With six blueliners returning from last year’s Frozen Four team, Michigan’s defensive corps could be the hockey team’s strongest asset.


In this weekend’s exhibition games against the U.S. Under-18 National Team Development Program and Waterloo, the defensive unit might have even played too well, providing sophomore goalie Bryan Hogan with a catch-22.

Hogan and senior netminder Billy Sauer were rarely tested between the pipes. Sauer faced just 15 shots Saturday night, and Waterloo managed just 17 against Hogan on Sunday afternoon. Hogan’s eight first-period saves Sunday marked the busiest 20-minute stanza either goalie endured, and he thought he needed the action.

“It’s a lot easier when you face a lot of shots early,” Hogan said. “Your mind moves a lot quicker. Sometimes, sure, you’re mentally prepared for the game. But once you have all those shots, it makes (the game go) that much faster, and you feel a bit more confident.”

It might seem counterproductive,considering what a defensive unit is supposed to minimize the goalie’s workload. The Wolverines’ penalty-kill was particularly outstanding, allowing just three combined shots on goal during 12 opponent power plays this weekend.

“I thought they played great in front of me,” Hogan said. “I didn’t have to face any difficult shots, really. That’s the one thing at Michigan, I’ve noticed, is that it’s easy, but it’s not easy, playing with them. But I’ve got to thank them a lot.”

Who’s No. 1: Once again, there is a well-publicized goalie controversy to begin the season. Both Sauer and Hogan will play significant time until a clear No. 1 net-minder is established. Both will make starts next weekend against St. Lawrence. How Michigan coach Red Berenson will allot playing time after that, though, remains a mystery.

“That may go week-to-week or we may make the decision to go month-to-month,” Berenson said. “I think Billy’s got the experience, but Hogan needs experience.”

Berenson said volunteer goaltending coach Josh Blackburn will be his barometer, letting him know when each player is ready to help the team win. Hogan said the coaching staff has given him word on where he stands in the situation.

“But it means nothing,” he said. “It’s whoever’s playing, I think, better at the time, more efficient, more consistent.”

Translation: the spot is up for grabs.

Both goalies will be under the microscope from game to game. Their play will be dissected and analyzed constantly by the coaching staff and fans alike. Despite the scrutiny, Hogan believes his relationship with Sauer is the strongest it has ever been.
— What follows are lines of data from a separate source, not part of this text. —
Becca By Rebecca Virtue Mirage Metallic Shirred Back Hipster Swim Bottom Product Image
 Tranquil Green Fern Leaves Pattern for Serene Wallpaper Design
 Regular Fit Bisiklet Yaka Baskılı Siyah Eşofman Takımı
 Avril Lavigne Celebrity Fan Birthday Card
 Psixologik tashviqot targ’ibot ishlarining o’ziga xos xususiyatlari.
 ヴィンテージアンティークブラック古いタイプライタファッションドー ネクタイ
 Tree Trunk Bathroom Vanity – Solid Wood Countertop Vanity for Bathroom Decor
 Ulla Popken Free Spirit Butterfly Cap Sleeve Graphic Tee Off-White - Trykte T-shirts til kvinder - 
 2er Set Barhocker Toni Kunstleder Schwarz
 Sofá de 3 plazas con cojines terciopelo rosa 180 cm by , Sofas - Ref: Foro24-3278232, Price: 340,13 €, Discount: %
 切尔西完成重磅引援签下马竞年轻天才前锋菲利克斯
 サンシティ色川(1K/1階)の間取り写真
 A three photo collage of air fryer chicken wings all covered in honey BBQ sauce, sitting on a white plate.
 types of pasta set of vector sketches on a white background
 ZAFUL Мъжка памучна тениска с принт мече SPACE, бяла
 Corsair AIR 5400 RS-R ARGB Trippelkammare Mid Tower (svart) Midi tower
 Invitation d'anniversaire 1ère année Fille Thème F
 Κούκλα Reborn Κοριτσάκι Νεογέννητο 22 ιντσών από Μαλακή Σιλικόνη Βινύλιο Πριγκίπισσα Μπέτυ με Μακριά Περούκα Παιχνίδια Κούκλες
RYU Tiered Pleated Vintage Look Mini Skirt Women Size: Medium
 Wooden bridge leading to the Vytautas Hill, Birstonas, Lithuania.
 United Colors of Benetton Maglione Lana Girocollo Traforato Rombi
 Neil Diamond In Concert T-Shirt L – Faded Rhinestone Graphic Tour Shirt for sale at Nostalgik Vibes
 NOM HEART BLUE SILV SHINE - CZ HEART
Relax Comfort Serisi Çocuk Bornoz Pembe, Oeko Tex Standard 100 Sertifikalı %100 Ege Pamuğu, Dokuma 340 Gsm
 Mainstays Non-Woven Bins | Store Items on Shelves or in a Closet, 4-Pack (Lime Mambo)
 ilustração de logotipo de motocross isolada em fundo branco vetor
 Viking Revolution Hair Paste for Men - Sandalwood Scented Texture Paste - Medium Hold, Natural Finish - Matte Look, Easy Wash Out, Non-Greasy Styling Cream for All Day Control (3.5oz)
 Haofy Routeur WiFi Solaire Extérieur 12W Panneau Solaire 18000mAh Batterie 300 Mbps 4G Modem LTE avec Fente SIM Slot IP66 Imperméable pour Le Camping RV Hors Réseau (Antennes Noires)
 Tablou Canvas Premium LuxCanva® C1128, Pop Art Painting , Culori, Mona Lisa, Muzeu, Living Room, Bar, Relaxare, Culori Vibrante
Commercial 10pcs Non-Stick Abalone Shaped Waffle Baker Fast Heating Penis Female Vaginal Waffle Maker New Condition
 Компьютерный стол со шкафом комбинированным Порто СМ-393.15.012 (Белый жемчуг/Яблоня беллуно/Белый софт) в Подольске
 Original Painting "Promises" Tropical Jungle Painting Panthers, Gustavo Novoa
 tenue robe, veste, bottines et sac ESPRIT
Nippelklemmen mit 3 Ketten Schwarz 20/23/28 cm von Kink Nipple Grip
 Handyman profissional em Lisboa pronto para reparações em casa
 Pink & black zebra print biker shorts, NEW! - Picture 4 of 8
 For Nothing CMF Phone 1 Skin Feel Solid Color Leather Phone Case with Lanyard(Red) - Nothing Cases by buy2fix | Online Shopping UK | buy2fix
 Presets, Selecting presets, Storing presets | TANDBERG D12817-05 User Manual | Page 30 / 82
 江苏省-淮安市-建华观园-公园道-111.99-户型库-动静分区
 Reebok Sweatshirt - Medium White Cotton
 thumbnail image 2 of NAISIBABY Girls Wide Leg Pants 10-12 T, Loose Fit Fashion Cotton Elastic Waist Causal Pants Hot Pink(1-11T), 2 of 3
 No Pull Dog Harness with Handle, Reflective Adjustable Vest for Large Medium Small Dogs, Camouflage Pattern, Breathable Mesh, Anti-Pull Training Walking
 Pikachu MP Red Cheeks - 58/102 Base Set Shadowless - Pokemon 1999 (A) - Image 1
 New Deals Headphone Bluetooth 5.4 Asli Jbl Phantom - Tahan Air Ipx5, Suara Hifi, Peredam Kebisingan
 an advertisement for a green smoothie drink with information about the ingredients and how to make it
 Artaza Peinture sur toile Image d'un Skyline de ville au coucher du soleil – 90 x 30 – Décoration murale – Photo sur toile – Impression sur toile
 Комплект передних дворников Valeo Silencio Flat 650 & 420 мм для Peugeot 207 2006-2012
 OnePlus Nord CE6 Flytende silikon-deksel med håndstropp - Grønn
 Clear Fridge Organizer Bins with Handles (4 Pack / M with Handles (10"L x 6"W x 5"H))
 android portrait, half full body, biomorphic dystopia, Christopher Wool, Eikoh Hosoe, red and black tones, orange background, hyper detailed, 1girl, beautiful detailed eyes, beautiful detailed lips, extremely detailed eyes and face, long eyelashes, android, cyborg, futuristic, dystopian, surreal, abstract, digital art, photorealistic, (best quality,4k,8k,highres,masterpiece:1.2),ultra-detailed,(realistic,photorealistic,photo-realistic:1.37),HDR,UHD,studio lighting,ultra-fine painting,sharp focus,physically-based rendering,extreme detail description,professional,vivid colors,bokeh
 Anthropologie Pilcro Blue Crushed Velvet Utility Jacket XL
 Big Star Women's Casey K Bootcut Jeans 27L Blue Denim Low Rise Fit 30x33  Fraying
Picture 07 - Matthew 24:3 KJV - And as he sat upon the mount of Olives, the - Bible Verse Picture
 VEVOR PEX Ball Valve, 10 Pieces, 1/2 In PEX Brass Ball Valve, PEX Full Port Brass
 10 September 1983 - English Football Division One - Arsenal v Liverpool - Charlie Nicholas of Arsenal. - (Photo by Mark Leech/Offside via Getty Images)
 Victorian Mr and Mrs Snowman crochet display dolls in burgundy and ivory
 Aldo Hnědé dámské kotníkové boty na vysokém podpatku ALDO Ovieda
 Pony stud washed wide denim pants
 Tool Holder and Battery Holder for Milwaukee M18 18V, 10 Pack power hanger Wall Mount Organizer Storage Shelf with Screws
“It’s gotten a lot better,” Hogan said. “It was never bad, but it’s just that we’re getting a lot closer over the years. So it’s definitely a lot easier to talk to him, especially him being a senior and me being younger. I think we’re meshing a lot better.”

The shuffling continues: Despite the departure of last year’s top line, Michigan’s top six returning forwards are loaded with scoring potential.

As of now, the Wolverines don’t have a clear No. 1 line, and Berenson is still searching for the right chemistry. During Sunday’s third period, he bumped sophomore forward Carl Hagelin up to the top line, reuniting him with his linemates from last season, sophomore Matt Rust and sophomore Aaron Palushaj. Hagelin replaced junior forward Chris Summers.

Senior forward Brandon Naurato was scratched and replaced on the third line by junior Brian Lebler. Senior Danny Fardig was also scratched in favor of junior forward Anthony Ciraulo. The experimenting is nothing new this early in the season.

“I didn’t think our lines were jelling, really, in the first two periods,” Berenson said. “I like to have options. I like to have different guys that can skate with different guys. Sometimes you get kind of stale and you need a change. This will probably go on for a while.”